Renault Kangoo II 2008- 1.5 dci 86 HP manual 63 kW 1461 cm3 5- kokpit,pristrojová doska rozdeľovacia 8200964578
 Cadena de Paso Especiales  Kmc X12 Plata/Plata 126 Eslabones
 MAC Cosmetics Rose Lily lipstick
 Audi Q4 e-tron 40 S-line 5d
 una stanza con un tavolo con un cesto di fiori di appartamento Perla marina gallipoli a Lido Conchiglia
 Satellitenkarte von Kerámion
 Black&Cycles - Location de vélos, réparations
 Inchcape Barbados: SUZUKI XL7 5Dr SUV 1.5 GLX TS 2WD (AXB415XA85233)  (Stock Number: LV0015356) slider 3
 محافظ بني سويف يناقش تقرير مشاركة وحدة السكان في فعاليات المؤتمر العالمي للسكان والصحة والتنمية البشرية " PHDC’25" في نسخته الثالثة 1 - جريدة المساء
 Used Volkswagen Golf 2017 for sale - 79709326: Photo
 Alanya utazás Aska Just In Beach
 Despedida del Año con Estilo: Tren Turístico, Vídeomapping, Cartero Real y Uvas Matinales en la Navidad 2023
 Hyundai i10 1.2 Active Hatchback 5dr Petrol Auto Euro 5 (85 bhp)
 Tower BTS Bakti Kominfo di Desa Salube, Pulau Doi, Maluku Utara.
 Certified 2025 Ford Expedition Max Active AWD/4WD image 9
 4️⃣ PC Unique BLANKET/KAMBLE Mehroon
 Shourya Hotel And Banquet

BRIEF - Exact retyping is required: the line with "MAC Cosmetics Rose Lily lipstick" through the end of the data, both ends included, and no other line.

ANSWER TO THIS TASK -
 MAC Cosmetics Rose Lily lipstick
 Audi Q4 e-tron 40 S-line 5d
 una stanza con un tavolo con un cesto di fiori di appartamento Perla marina gallipoli a Lido Conchiglia
 Satellitenkarte von Kerámion
 Black&Cycles - Location de vélos, réparations
 Inchcape Barbados: SUZUKI XL7 5Dr SUV 1.5 GLX TS 2WD (AXB415XA85233)  (Stock Number: LV0015356) slider 3
 محافظ بني سويف يناقش تقرير مشاركة وحدة السكان في فعاليات المؤتمر العالمي للسكان والصحة والتنمية البشرية " PHDC’25" في نسخته الثالثة 1 - جريدة المساء
 Used Volkswagen Golf 2017 for sale - 79709326: Photo
 Alanya utazás Aska Just In Beach
 Despedida del Año con Estilo: Tren Turístico, Vídeomapping, Cartero Real y Uvas Matinales en la Navidad 2023
 Hyundai i10 1.2 Active Hatchback 5dr Petrol Auto Euro 5 (85 bhp)
 Tower BTS Bakti Kominfo di Desa Salube, Pulau Doi, Maluku Utara.
 Certified 2025 Ford Expedition Max Active AWD/4WD image 9
 4️⃣ PC Unique BLANKET/KAMBLE Mehroon
 Shourya Hotel And Banquet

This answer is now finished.